How To Host the Best Sake Tasting

Sam Fairchild

Table of Contents

    Family gatherings, company parties, and nights spent with friends can often become predictable and repetitive. If you’re someone who likes to mix things up, consider adding sake tastings to your rotation. It’s a great way to break the mold and spend quality time with your loved ones. So, why not bring out the bottles and try something new?

    This is a comprehensive guide for hosting an enjoyable and captivating sake tasting event, regardless of one’s familiarity with the drink. If you’re a novice or need assistance in understanding sake, take a moment to read “What Is Sake?” But don’t worry, with these tips, you’ll be tasting sake like a pro in no time.

    Based on my experience, hosting sake tastings can be an excellent way to add structure to a gathering, similar to a wine tasting or a game night. However, unlike wine tastings, sake tastings offer a unique opportunity to showcase a drink that many of your guests may not know much about. This is what makes it so exciting! I’ve found that my guests are usually very open and engaged, asking lots of questions and showing genuine interest. Even those who have attended my tastings before come away with new insights. Sake is a nested fractal — the more I learn, the more I realize how little I know.

    There are many ways to approach a sake tasting, and I’ve personally tried about a dozen of them. You could organize it based on different rice varieties, breweries, temperatures, milling rates, yeasts, regions, or even water sources. Another approach is to taste the same sake in its pasteurized and unpasteurized (“nama”) forms. You could also choose a lineup by season. The potential combinations are as varied as sake itself.

    While we can probably agree a plethora of options is a good problem to have, it can nonetheless be difficult for beginners to know where to start. I would recommend reading the “Best Bottles & Brands for Beginners” guide, or simply picking up a Starter Set if you’re new to sake tasting.

    Now that we’ve broken ground, let’s get started with the fun stuff: the how-to’s!

    How to do a sake tasting: 3 simple steps

    Tippsy’s Starter Set.

    Tippsy’s Starter Set, featuring six different mini-bottles, makes hosting a sake tasting easy. | Photo by ketobyassociation. (@ketobyassociation)

    When it comes to tasting sake, there are three main aspects to consider: sight, smell and taste. This is also how sake judges approach their job. In order to truly comprehend the essence of a sake, it is essential to engage with it through all three dimensions.

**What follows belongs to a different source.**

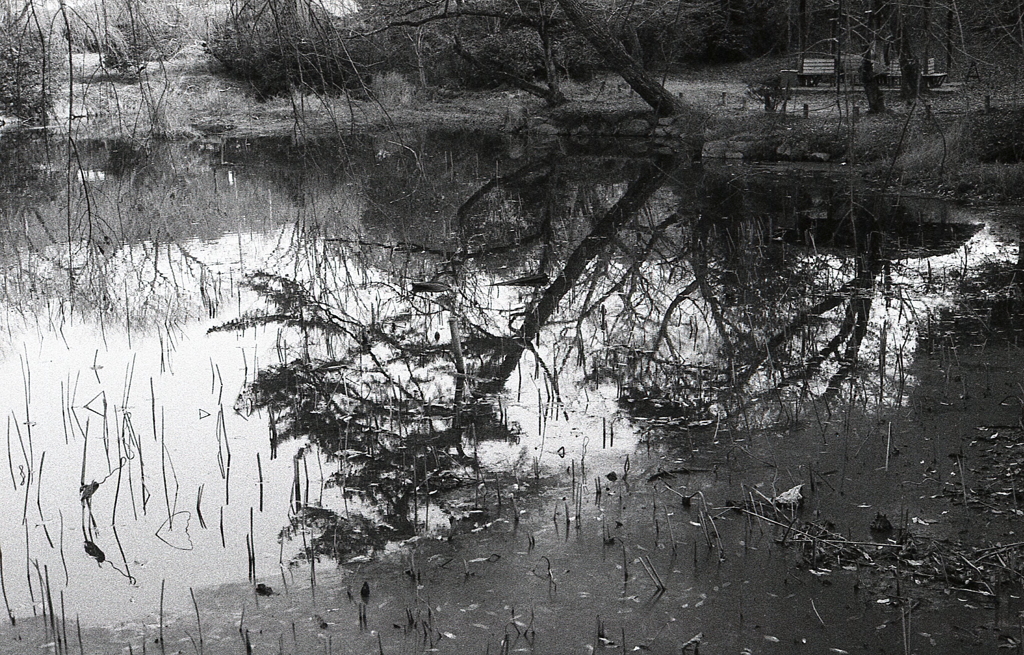 ＩＳＯ４００でのFoma RETROPAN320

    However, there are additional factors to take into account. Since most of us won’t get the chance to try floating sake balls in zero gravity, mise-en-place is crucial to the overall experience. Sake ware, temperature, food pairings, and visuals all play a significant role in the tasting.

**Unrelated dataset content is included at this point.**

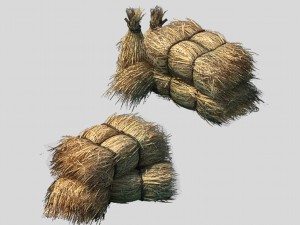 crop - straw 3D Model
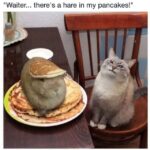 Funny Cat Memes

    Consider also the kind of tasting you want to run. It’s never bad to hand out spit cups for guests who aren’t prepared to imbibe a lot or, crucially, have to drive soon. It’s also advisable to offer water when tasting different varieties of sake, especially if you plan to taste many of them in one go. Based on personal experience, sampling multiple types of sake without cleansing your palate can hinder your ability to detect subtle flavor nuances. By the same token, even if you can handle sipping 15 different kinds of sake, it’s a good idea to narrow your scope to avoid palate fatigue.

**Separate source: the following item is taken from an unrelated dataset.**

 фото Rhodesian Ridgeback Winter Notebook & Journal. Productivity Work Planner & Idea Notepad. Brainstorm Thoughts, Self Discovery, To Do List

    With that in mind, let’s dig into the three steps of tasting.

    Sight: Eye for color

    The contrast provided by the blue rings of the white janome cup make it easier to analyze sake color.

    The contrast provided by the blue rings of the white janome cup make it easier to analyze sake color.

    Elements: Clarity, color

    Sake comes in a variety of colors, which can provide a clue, without even having to smell or taste, as to the style you are about to try. In general, sake that doesn’t have “ori” (sediment) or “kasu” (sake lees) is clear. Brewers take pains to remove color from their filtered sake, such as with the process of charcoal fining. There are, as always, exceptions to this rule.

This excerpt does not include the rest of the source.